What we can’t know.

The cold hammers down around us in the way we’ve known Januarys before — nothing fierce, but sharp. January is a season that draws us up against our own mortality. Stumble and you’ll break a bone. Sleep outside, ill-prepared, seriously down on your luck, and you could perish.

Wednesday morning on the early side, I’m drinking coffee and staring at the snowflakes that have appeared in the downtown again, a memory for an absent person. News has wound my way of the death of a person distant from me by numerous steps, the fate we’ll all meet, one way or another, the great leveler. In the afternoon, when I return from work, the window washers are carefully removing the lacy paper, setting the delicate flakes to one side, and then re-taping them on the windows. A gentle, wordless act of care. A piece of our human puzzle.
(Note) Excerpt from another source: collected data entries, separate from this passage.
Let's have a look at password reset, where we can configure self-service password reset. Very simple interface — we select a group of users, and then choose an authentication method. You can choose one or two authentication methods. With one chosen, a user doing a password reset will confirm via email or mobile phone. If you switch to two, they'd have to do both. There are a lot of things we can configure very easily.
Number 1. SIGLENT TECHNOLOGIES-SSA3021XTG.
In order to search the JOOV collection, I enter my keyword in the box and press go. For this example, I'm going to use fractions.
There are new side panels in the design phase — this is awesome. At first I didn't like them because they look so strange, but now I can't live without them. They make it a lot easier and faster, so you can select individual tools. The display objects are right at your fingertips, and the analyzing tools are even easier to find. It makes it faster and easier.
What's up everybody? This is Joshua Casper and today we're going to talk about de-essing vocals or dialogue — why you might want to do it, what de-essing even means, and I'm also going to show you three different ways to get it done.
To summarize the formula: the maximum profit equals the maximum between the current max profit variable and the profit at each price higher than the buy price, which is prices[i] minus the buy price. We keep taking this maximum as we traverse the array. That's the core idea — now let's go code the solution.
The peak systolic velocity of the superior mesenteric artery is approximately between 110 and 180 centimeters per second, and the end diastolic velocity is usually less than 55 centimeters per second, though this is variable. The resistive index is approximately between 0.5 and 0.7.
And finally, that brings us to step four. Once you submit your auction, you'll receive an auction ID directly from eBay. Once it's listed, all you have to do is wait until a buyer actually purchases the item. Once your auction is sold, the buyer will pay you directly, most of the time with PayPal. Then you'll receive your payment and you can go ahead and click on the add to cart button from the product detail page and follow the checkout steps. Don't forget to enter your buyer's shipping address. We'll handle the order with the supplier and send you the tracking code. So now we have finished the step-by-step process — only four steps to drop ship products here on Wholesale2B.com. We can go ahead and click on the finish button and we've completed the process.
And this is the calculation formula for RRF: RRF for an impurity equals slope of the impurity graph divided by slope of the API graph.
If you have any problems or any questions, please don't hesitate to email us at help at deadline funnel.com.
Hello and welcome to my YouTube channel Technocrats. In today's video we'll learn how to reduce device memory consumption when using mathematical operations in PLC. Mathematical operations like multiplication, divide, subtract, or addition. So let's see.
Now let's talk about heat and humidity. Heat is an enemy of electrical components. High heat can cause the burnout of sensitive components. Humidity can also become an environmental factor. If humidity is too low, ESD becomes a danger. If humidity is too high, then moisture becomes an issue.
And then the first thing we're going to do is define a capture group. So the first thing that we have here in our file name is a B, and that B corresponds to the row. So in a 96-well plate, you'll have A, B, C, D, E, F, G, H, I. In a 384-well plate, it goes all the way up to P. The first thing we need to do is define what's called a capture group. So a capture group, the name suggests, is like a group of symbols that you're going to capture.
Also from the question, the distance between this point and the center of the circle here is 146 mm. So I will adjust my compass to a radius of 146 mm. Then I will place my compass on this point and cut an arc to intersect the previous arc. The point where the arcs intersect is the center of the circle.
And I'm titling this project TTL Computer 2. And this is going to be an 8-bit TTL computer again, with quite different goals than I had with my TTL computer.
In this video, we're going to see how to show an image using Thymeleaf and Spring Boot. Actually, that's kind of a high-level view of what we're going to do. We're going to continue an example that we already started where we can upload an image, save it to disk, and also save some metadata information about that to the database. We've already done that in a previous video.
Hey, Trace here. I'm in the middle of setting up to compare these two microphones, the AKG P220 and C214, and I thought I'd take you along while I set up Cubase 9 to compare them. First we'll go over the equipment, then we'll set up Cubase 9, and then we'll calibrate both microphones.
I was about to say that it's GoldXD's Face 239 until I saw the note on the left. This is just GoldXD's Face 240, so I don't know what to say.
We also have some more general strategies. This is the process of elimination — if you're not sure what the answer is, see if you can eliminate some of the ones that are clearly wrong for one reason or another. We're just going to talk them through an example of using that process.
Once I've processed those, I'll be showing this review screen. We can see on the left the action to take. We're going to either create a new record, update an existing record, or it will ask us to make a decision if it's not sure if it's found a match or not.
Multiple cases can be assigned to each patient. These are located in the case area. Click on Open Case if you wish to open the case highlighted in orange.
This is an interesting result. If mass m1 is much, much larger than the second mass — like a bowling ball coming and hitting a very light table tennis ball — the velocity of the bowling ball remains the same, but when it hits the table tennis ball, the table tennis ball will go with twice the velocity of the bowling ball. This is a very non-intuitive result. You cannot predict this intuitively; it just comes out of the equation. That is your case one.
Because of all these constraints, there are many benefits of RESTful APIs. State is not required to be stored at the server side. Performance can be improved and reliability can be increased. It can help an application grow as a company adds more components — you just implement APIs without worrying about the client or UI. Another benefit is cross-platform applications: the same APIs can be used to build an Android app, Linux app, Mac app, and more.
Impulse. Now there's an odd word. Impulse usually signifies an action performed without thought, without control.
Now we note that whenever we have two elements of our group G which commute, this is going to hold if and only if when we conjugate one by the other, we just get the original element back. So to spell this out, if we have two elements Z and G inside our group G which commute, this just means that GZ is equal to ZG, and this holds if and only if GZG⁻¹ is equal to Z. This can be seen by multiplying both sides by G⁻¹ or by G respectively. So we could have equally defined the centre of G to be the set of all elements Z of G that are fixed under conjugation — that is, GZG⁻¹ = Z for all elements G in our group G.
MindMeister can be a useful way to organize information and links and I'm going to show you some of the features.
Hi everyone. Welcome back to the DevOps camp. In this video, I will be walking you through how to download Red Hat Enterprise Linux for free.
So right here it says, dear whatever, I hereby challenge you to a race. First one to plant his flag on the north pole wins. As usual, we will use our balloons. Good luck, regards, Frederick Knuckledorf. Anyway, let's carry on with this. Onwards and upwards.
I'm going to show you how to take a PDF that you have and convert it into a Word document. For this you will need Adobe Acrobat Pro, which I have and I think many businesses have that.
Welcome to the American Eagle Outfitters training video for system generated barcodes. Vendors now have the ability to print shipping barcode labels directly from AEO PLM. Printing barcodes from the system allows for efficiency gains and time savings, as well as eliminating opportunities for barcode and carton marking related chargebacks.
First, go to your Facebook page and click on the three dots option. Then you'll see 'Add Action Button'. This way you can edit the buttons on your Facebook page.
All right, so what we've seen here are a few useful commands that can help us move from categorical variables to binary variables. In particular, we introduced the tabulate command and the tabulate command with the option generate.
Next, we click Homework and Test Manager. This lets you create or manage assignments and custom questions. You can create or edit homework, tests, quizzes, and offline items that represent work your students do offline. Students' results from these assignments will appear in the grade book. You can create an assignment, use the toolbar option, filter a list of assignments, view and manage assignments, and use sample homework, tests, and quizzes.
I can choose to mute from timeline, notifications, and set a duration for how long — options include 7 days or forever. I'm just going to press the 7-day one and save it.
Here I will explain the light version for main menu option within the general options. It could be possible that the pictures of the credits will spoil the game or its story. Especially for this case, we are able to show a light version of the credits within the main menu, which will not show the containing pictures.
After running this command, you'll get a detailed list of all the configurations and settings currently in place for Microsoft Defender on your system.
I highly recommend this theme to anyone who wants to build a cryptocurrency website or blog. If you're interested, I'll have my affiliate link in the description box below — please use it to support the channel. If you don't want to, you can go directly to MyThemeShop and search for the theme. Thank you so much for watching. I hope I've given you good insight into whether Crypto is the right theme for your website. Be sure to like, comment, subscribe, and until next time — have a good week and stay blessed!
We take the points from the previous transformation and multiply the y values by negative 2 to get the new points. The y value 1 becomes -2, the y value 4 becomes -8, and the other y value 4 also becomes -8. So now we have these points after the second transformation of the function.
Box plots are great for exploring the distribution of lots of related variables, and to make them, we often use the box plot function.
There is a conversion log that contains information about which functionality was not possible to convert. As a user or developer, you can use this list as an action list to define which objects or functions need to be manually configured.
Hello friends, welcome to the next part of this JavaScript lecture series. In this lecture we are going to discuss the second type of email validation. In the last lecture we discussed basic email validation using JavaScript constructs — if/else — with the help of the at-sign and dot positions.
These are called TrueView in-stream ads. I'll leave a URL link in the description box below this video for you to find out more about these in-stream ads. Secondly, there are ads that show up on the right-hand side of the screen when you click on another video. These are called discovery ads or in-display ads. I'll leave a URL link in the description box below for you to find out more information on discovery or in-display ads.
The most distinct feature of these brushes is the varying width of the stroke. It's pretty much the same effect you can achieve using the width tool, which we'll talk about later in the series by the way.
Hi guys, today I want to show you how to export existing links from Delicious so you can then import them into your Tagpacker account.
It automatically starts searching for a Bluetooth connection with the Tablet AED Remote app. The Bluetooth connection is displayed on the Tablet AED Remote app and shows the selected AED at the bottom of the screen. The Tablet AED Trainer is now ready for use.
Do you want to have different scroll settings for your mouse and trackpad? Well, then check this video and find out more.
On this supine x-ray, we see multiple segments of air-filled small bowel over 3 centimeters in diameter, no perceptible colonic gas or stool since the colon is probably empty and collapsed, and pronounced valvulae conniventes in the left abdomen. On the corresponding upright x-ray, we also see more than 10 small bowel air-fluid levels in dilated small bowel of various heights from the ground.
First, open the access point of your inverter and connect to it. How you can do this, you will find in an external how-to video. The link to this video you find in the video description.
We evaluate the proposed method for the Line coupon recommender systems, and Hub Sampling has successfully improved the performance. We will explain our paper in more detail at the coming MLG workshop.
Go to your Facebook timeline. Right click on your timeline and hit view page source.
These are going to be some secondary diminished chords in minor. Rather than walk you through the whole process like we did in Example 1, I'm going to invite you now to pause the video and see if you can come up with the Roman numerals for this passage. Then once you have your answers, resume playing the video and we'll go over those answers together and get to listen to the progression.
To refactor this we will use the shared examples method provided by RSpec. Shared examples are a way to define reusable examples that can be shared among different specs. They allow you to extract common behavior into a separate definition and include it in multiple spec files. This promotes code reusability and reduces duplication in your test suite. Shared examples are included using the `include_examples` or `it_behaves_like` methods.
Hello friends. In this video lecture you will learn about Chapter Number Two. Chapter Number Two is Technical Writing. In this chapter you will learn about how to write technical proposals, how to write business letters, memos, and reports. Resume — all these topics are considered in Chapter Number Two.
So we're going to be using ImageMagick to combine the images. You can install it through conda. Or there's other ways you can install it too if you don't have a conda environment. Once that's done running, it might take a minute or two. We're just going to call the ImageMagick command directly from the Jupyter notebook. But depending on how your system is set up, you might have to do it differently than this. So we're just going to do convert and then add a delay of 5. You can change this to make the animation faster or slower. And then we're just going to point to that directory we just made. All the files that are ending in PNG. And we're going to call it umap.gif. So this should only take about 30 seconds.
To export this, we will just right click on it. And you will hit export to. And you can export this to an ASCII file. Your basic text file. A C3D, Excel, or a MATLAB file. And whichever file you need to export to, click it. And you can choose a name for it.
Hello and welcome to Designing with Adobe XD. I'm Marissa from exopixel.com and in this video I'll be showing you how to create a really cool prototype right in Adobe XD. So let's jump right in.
These winter days, I’m devouring Paul Lynch, about as good as anything can be.

“I believe it is worth writing to remind ourselves of what we can’t know. To remind ourselves that certainty is dangerous. That factual knowledge of the world casts only a small light. Fiction is necessary because it seems to me that only fiction can accommodate the total strangeness that is life. To remind us that truth is actually impossible.”

Peony Roots.

Nearing the end of soccer season, my daughter’s high school community suffers a second tragic death in just a few years. In this little rural school, the news seems almost unbelievable, except it’s not.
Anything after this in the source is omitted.